Monday, September 20, 2010


After three days of tantrums, melt-downs, Eden throwing her little 2-year-old self on the floor, stiff as a board, and screaming, "NOO!" at everything I say (I've never had a nay-sayer before), I left my little crabby-pants in the hands of our wonderful babysitter Jaclyn (I forever love her) and went to the beach for dinner. A friend and I sat on a blanket drinking St. Germain Gin and Tonics and eating bread, cheese and salad until it was too dark to see and our noses were cold.

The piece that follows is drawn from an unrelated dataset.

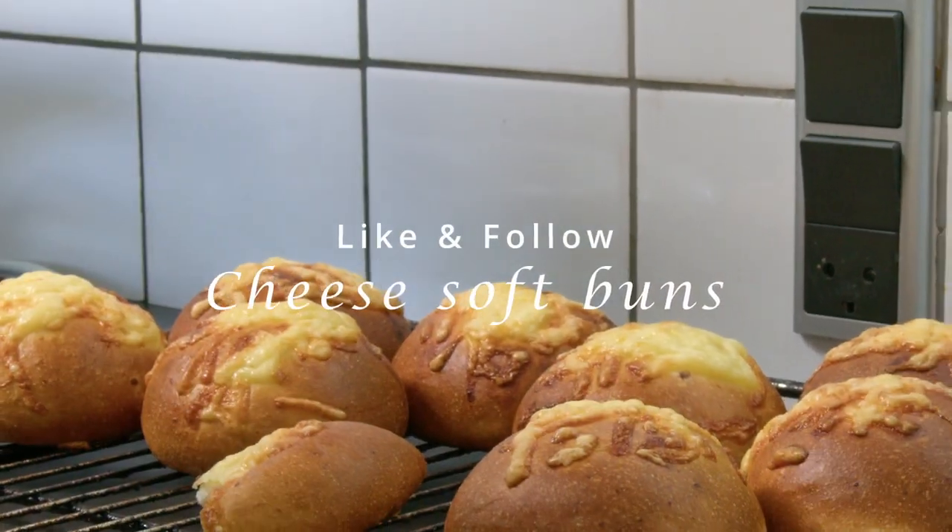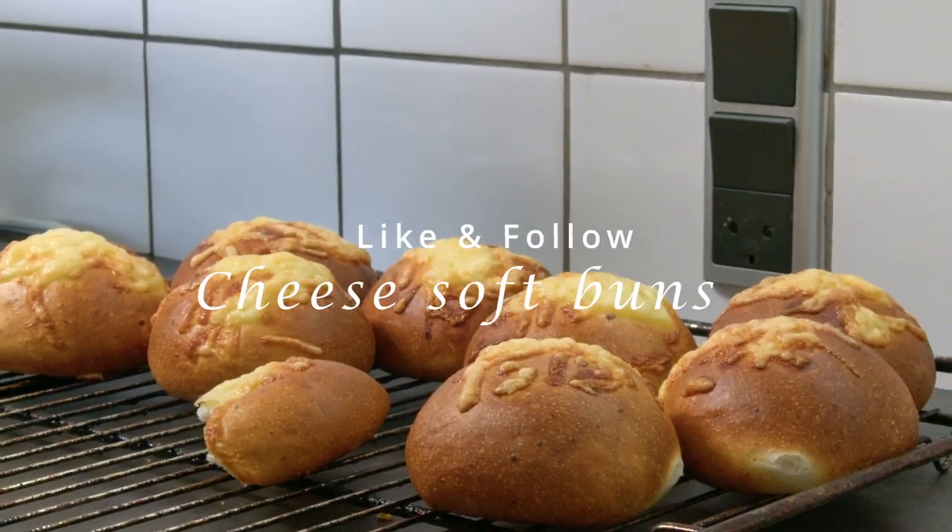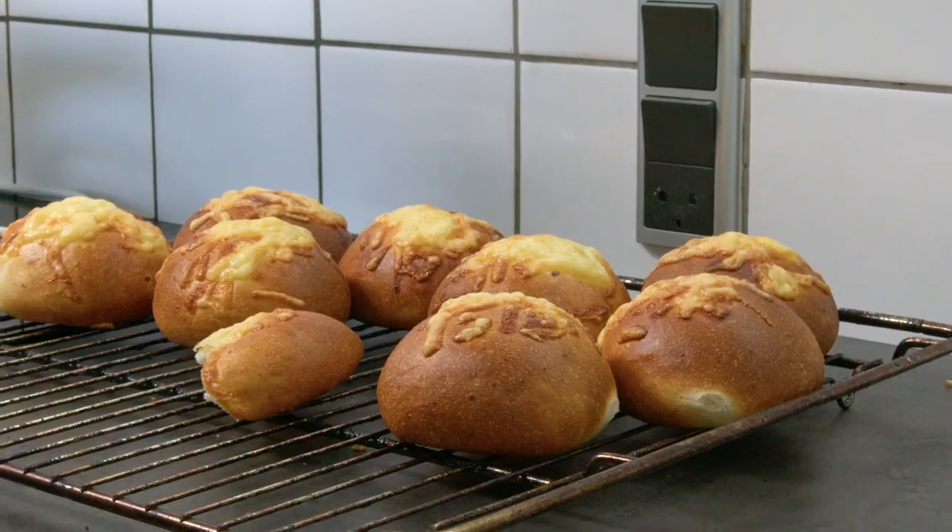My kids are obsessed with cheese buns, especially those from Lidl. So I had to see if I could recreate them.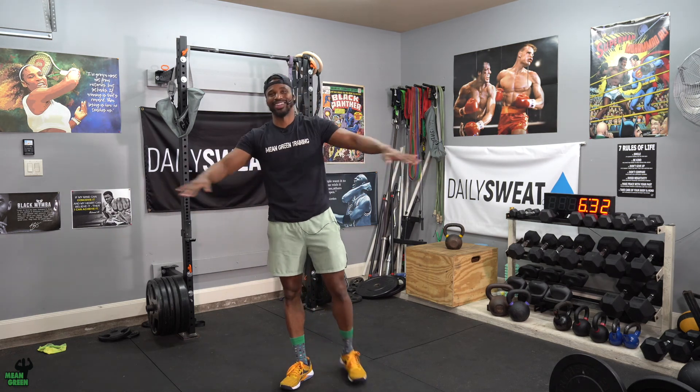It's push and pull Tuesday. Let's burn it off and take the jiggles away. That's how we get down. Can't wait to see you guys later. Take care.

St. Germain Gin and Tonics mix up the summer cocktail, and add a fullness that gives it a little tinge of Fall:

1 1/2 part gin
1 part St. Germain
3 parts tonic

Mix well, garnish with lime wedge (give it a squeeze), and serve over lots of ice*

Sunday, September 19, 2010

And Breakfast, too

This weekend, I turned to Fall.
I wore boots and sweaters, looked at Halloween decorations (Silas informed me today that he wants to decorate inside and out), and made pumpkin pancakes.

I, apparently, have had this recipe for 5 years and never made it, and it turned out to be worth saving. I don't usually love heavily ginger/cinnamon/nutmeg things (like real, not big train, chai tea, good earth tea, or strong gingerbread), and despite the decent dose of spices involved, these pancakes strike a perfect flavor balance.

Pumpkin-Ginger Pancakes (with Ginger Butter)
from Sunset Magazine, January 2005

1 c flour
2 T packed brown sugar
1 t baking powder
1/2 t baking soda
1/2 t ground cinnamon
1/2 t ground ginger
1/4 t ground nutmeg
1/4 t salt
1 egg
3/4 c milk
3/4 c canned pumpkin (I misread this and used 3/4 a can -- may have been thicker, but still
1/4 c plain yogurt (I only had vanilla, also worked)
2 T butter, melted

-in large bowl, combine flour, b. sugar, baking powder, baking soda, cinnamon, ginger, nutmeg and salt
-in another bowl mix egg, milk, pumpkin, yogurt and butter until well blended
-stir egg mixture into flour mixture until evenly moistened
-cook 4" pancakes over medium heat, 2-3 min per side

Candied Ginger Butter (I didn't make this)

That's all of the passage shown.